Requirement
An exact copy, beginning at the line containing "HARVEST NATURALS Palmitoiletanolamida" and ending at the final line of the records that follow, is the answer; it has no pictures and no other text.

[Records from a dataset]
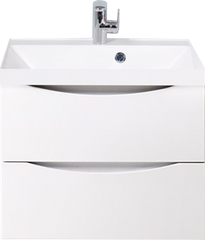 Тумба для комплекта BelBagno Marino 60 bianco lucido MARINO-600-2C-SO-BL-P, подвесная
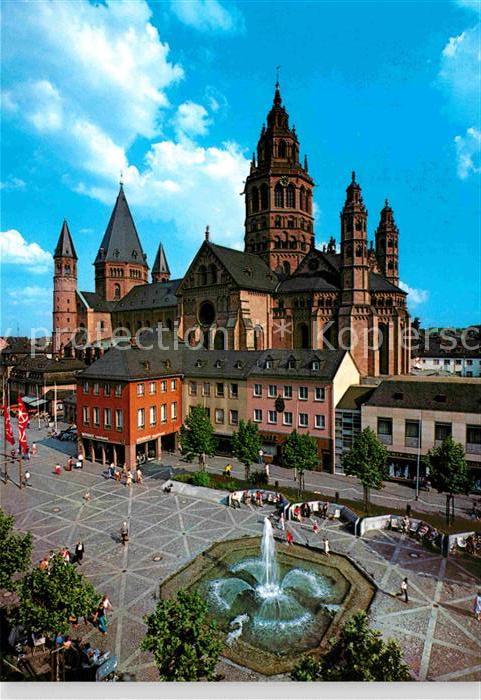 Mainz Rhein Dom Domplatz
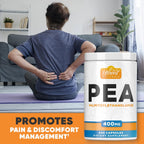 HARVEST NATURALS Palmitoiletanolamida (PEA) 400mg - 400 Cápsulas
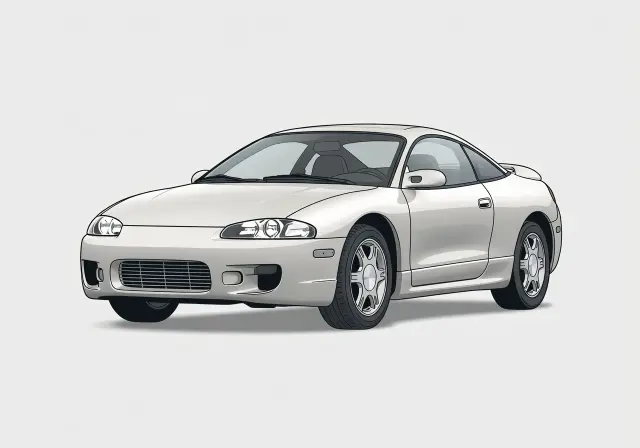 1996 Mitsubishi Eclipse GSX Coupe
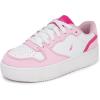 imageNautica Girls Sneakers  LaceUp Tennis Shoes Casual ampamp Comfortable for ToddlersToddler Little Kids ampamp Big Kids PlatformRegularPlatform Pink White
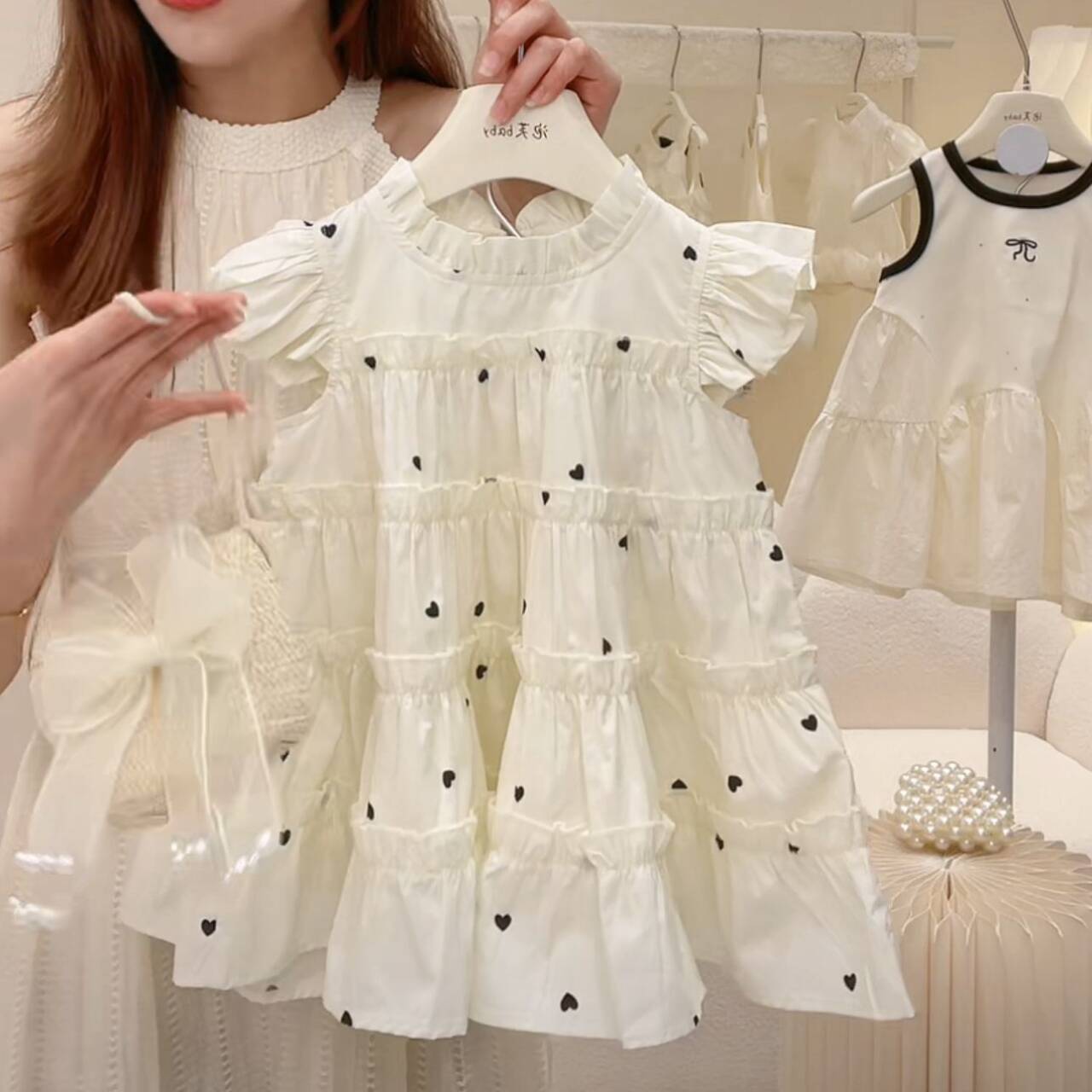 Sweet Little Si Baby Summer New Dress 2026 Girls' Embroidered Tulip Skirt Stylish Baby Girl Vest Dress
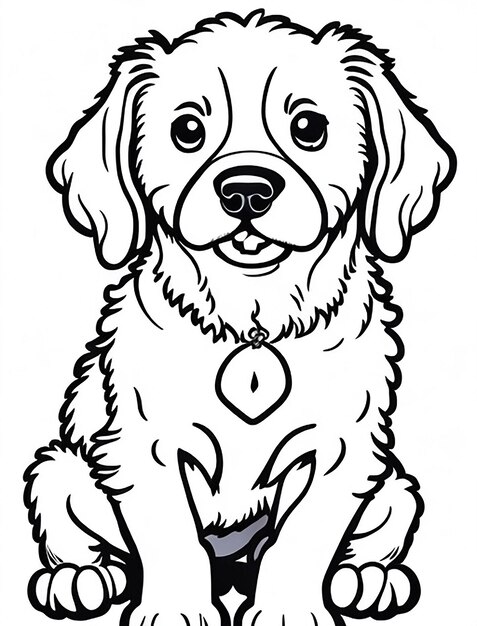 Cachorro de desenho animado e cão Illustraton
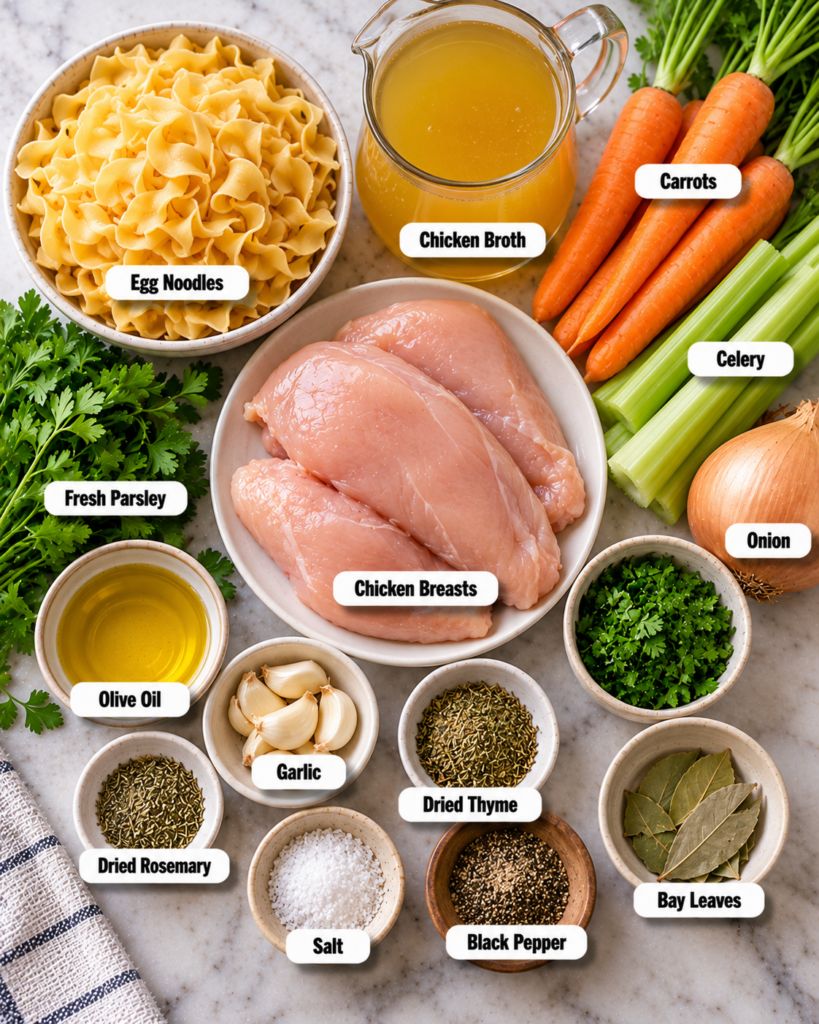 Homemade Chicken Noodle Soup Recipe (1)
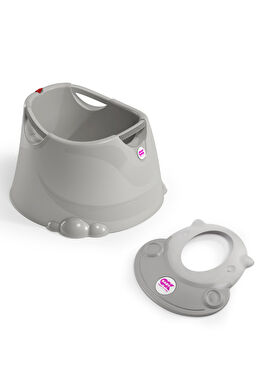Opla Gri Unisex Bebek Küvet ve Hippo Banyo Siperliği 
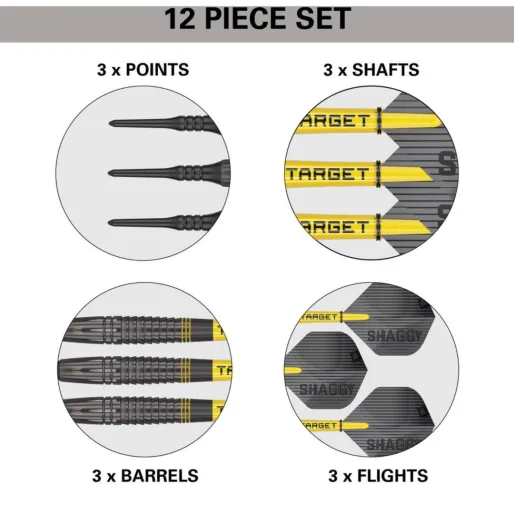 Target - darts Rzutki Scott Williams - czarne - 20 g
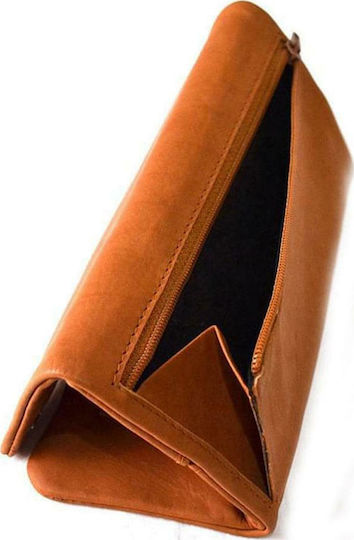 Marvel Tobacco Pouch Made of Brown Artificial Leather with Button Closure 15x8cm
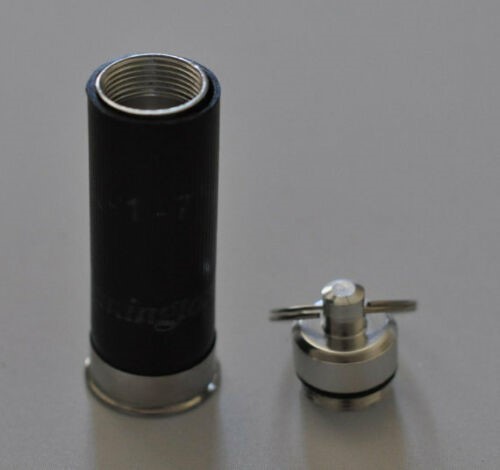 Remington Black 12 Gauge Shotgun Shell Bullet Pill Bottle Keychain-img-1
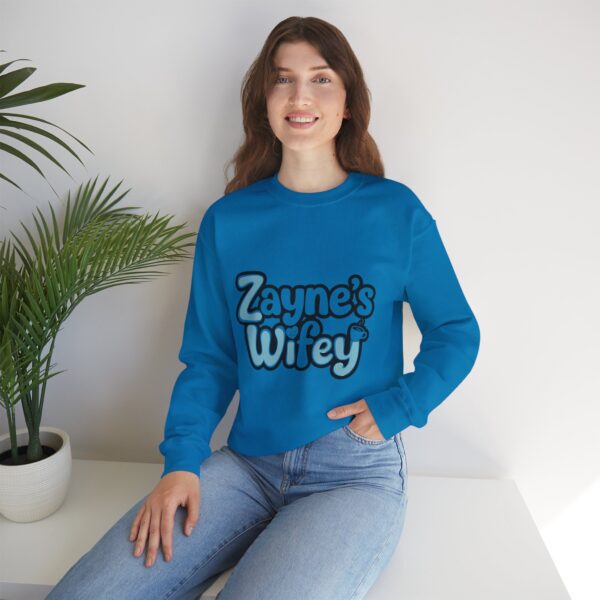 Zayne's Wifey Unisex Heavy Blend™ Crewneck Sweatshirt - Hot Obsession (─‿‿─) ♡ - Image 18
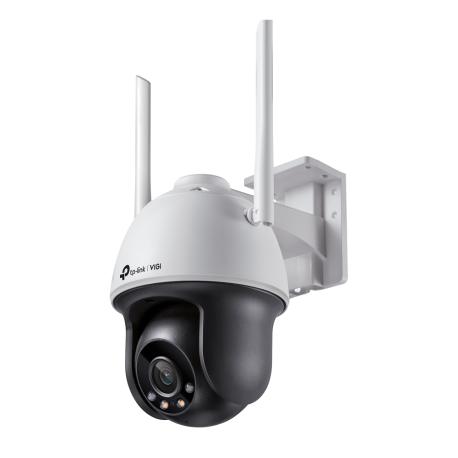 TP-Link VIGI C540-W V1 - Network surveillance camera - pan / tilt - turret - outdoor - weatherproof - colour (Day&Night) - 4 MP - 2560 x 1440 - M12 mount - fixed focal - audio - wireless - Wi-Fi - LAN 10 / 100 - H.264, H.265, H.265+, H.264+ - DC 12 V - 0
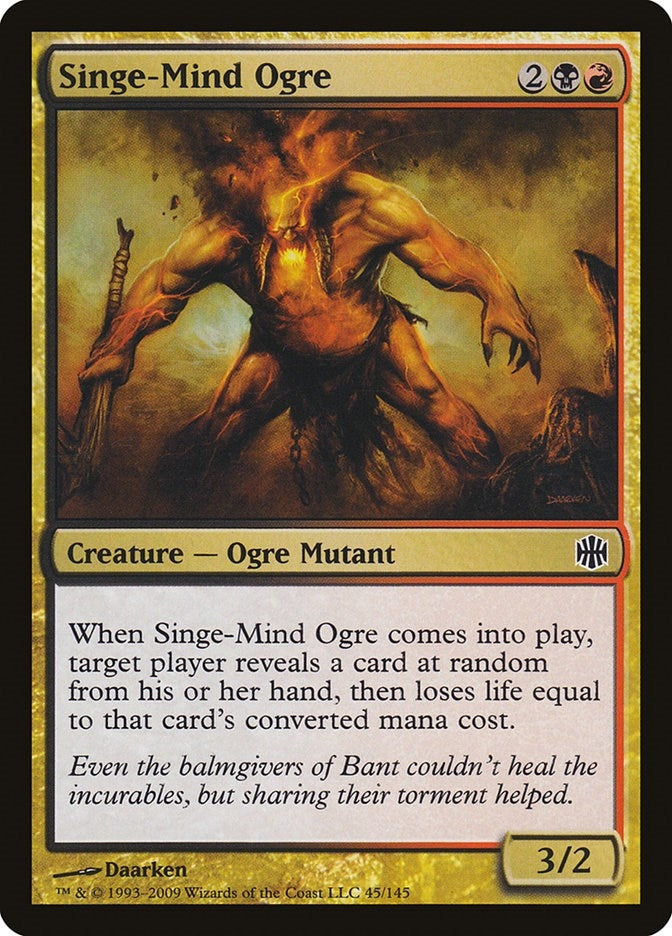 Image for Singe-Mind Ogre (Alara Reborn) (45) - Magic: The Gathering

The answer
 HARVEST NATURALS Palmitoiletanolamida (PEA) 400mg - 400 Cápsulas
 1996 Mitsubishi Eclipse GSX Coupe
 imageNautica Girls Sneakers  LaceUp Tennis Shoes Casual ampamp Comfortable for ToddlersToddler Little Kids ampamp Big Kids PlatformRegularPlatform Pink White
 Sweet Little Si Baby Summer New Dress 2026 Girls' Embroidered Tulip Skirt Stylish Baby Girl Vest Dress
 Cachorro de desenho animado e cão Illustraton
 Homemade Chicken Noodle Soup Recipe (1)
Opla Gri Unisex Bebek Küvet ve Hippo Banyo Siperliği 
 Target - darts Rzutki Scott Williams - czarne - 20 g
 Marvel Tobacco Pouch Made of Brown Artificial Leather with Button Closure 15x8cm
 Remington Black 12 Gauge Shotgun Shell Bullet Pill Bottle Keychain-img-1
 Zayne's Wifey Unisex Heavy Blend™ Crewneck Sweatshirt - Hot Obsession (─‿‿─) ♡ - Image 18
 TP-Link VIGI C540-W V1 - Network surveillance camera - pan / tilt - turret - outdoor - weatherproof - colour (Day&Night) - 4 MP - 2560 x 1440 - M12 mount - fixed focal - audio - wireless - Wi-Fi - LAN 10 / 100 - H.264, H.265, H.265+, H.264+ - DC 12 V - 0
 Image for Singe-Mind Ogre (Alara Reborn) (45) - Magic: The Gathering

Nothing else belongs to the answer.